Finally, we want to extend our deep gratitude to Liz Hodes and Biz Ghormley. Although they transitioned out of day-to-day operations this spring & winter (respectively), their irreplacable spirits live on in the organization, and we’re glad to still call on them as friends and advisors to Dd.
In February, we ended a three-year program focused on leveraging technology to address gender-based violence in Haiti. We ended the program with a bang, hosting an inspiring & fast paced-hackathin in Port-au-Prince that has now been replicated by local tech students. By the end of the month, we fully transitioned the technical and managerial tasks to the hands of our partner, Haitian women’s organization KOFAVIV. This fall we’re releasing our report on our work in Haiti, alongside recommendations for incorporating technology into international development & human rights programs. We’re excited to use the report as a tool to inspire others to take a holistic approach to integrating technology into community development programs. Today, we’ll also be reporting back on our Haiti program at the Clinton Global Initiative annual meeting – check out the livestream on the morning plenary "Women Decision-Makers in the Global Economy."
Even as our work in Haiti has been winding down, our work addressing environmental issues with indigenous communities is ramping up. Our main focus this year has been piloting a new initative thanks to support from the Knight News Challenge. Our project, Remote Access, is a mobile toolkit to empower groups in remote areas to share critical human rights and environmental information. We’re piloting Remote Access with indigenous groups who are taking on oil contamination in the northern Peruvian Amazon. We’ll be writing more about it soon; in the meantime, take this photographic journey to meet our partners and see the oil contamination for yourself.
In addition to tool building for Remote Access, we are continuing to support grassroots community mapping, primarily in Peru, Guyana & Chiapas, Mexico. At the request of our Peruvian partners we are also looking to do trainings specifically for indigenous women to do monitoring in their communities, and we just announced a new initiative to build a remote sensing application to help local groups better monitor for illegal logging and mining in Guyana, thanks to a Google Earth Outreach Developer Grant. We’re also partnering with more established groups in the human rights space in order to amplify our impact much further than we could do alone.

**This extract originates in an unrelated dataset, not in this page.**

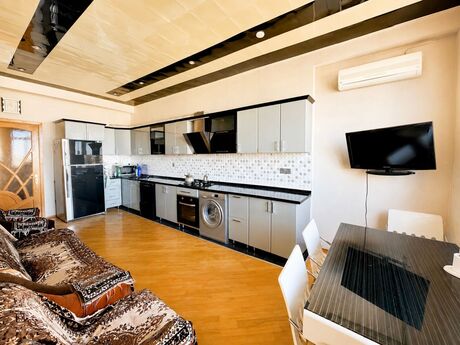 4 otaqlı mənzil, 231 m², Elmlər Akademiyası: 528 000 ₼ 4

As we move forward with our programs this fall, you can expect to see more frequent updates, including from Gregor about the tech details. We’re still figuring out essential infrastructure questions – like how to keep operations going when we’re doing so much programming in the outer world. But we’re approaching these questions with an open mind, and we’re having refreshingly honest conversations with fellow NGOs in the tech for civic good space. We know some pretty amazing things can be accomplished through partnership, and we’re excited to apply that to our structure and backend needs just like we’ve helped create innovative systems that last for our partners around the globe.